Einen Moment lang trafen sich Georges und mein Blick und ich hatte beinahe Angst, er würde was Pantomime anging nachhaken, eine Antwort verlangen – doch in diesem Augenblick betrat Black zusammen mit Jodie den Raum. Sie schenkte mir ein offenes Lächeln, schwieg aber, da Black mir bedeutete, ihnen zu folgen.

„Der Friede sei mit dir!“

Bevor ich zusammen mit den beiden verschwand, drehte ich mich noch einmal um und versuchte hastig meine Irritation unter einem freundlichen Lächeln zu verbergen.

„George, du musst endlich aufhören, dir dauernd Star Trek anzusehen!“

„Äh, aber da heißt es „lebe lang und in Frieden“, Anna.“

Die Tür fiel mit einem leisen Klicken hinter uns ins Schloss, bevor ich etwas erwidern konnte.
 

„Es gibt einige Erkenntnisse zum neusten Fall.“

Ich hob die Augenbrauen. „Tatsächlich? Warum bin ich nicht sofort informiert worden?“ Es ärgerte mich ein bisschen, dass ich trotz meiner hohen Position, was diesen Sachverhalt anging, dennoch nicht alle Fäden in der Hand zu halten schien. Da ich gerade mal Mitte Zwanzig war, war ich noch nicht sehr lange beim FBI und es gab immer viele Neider, die sich nur zu gerne in den Vordergrund drängten. Selbst James Black, einem Mann, der sonst solche Machtspielchen verabscheute, da sie die Ermittlungen behinderten, wäre es diesmal lieber gewesen, ich wäre einfach abgetreten. Aber diesen Erfolg wollte ich niemanden hier gönnen. Ich wollte beweisen, dass ich es drauf hatte, dass der Fall mit Pantomime kein Anfängerglück gewesen war, ich, Annabell Myers, wollte ihnen endlich beweisen wozu ich fähig war.
 

„Hören Sie zu?“

Ich blinzelte. „Verzeihen Sie, ich…“ Okay, Anna, bevor wir uns ins Geschehen stürzen, wäre zuhören doch keine schlechte Option, oder? Oh mein Gott, hör auf, dich lächerlich zu machen!

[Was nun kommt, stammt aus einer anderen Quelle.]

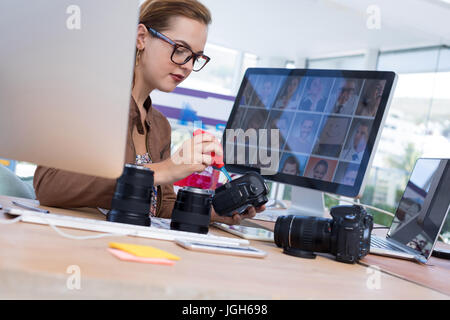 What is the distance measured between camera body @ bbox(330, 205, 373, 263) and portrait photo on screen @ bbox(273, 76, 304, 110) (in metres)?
0.68

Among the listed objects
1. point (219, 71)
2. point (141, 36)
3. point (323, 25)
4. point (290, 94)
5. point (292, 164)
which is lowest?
point (292, 164)

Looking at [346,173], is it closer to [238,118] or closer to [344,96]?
[344,96]

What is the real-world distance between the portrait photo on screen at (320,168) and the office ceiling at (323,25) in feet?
12.9

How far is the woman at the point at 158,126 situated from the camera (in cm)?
117

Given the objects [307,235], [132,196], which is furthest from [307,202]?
[132,196]

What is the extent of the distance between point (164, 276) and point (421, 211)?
951mm

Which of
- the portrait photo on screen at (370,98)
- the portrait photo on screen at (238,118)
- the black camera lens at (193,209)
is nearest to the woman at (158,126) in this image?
the black camera lens at (193,209)

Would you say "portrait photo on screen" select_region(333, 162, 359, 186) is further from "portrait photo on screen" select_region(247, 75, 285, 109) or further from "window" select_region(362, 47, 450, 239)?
"window" select_region(362, 47, 450, 239)

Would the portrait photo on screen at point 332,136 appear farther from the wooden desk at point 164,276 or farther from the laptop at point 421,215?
the wooden desk at point 164,276

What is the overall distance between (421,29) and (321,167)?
537 centimetres

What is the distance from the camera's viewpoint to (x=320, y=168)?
1.49 metres

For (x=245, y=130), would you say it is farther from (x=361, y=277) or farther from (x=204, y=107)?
(x=204, y=107)

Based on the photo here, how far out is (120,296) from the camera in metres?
0.56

Black räusperte sich missbilligend. „Ich sagte, sie haben etwas gefunden, was vom Täter stammen könnte. Anscheinend ist es bislang nicht aufgefallen, aber ganz dem Klischee nach, scheint der Täter es irgendwie geschafft zu haben zum Tatort zurückzukehren und eine Spur zu hinterlassen.“

Jodie und ich wechselten einen überraschten Blick. „Wie das?“

„Nun, die Leute von der Spurensicherung haben vor kurzem etwas entdeckt, was noch nicht da war, als die Leichen, oder viel mehr ihre verkohlten Überreste geborgen wurde. Anscheinend hat der Täter ein asiatisches Zeichen mithilfe der Asche der verbrannten Leichenteile und der Bereiche des Hauses, die vollständig ausgebrannt sind, am Boden aufgemalt.“

„Und… was bedeutet es?“ In meinem Kopf ratterte es. War er womöglich Asiate? Was trieb ihn dazu diese Morde zu begehen? Irgendeine Sekte? Aber es sah mehr wie die Tat eines Einzelnen aus, zumal es zu dieser Zeit auch keine vergleichbaren Fälle oder Aufzeichnungen darüber gab. Wurde von irgendeiner Gruppe im asiatischen Raum das Feuer verehrt?

Zu viele Fragen und keine Antworten. So war es leider meistens mit neuen Informationen…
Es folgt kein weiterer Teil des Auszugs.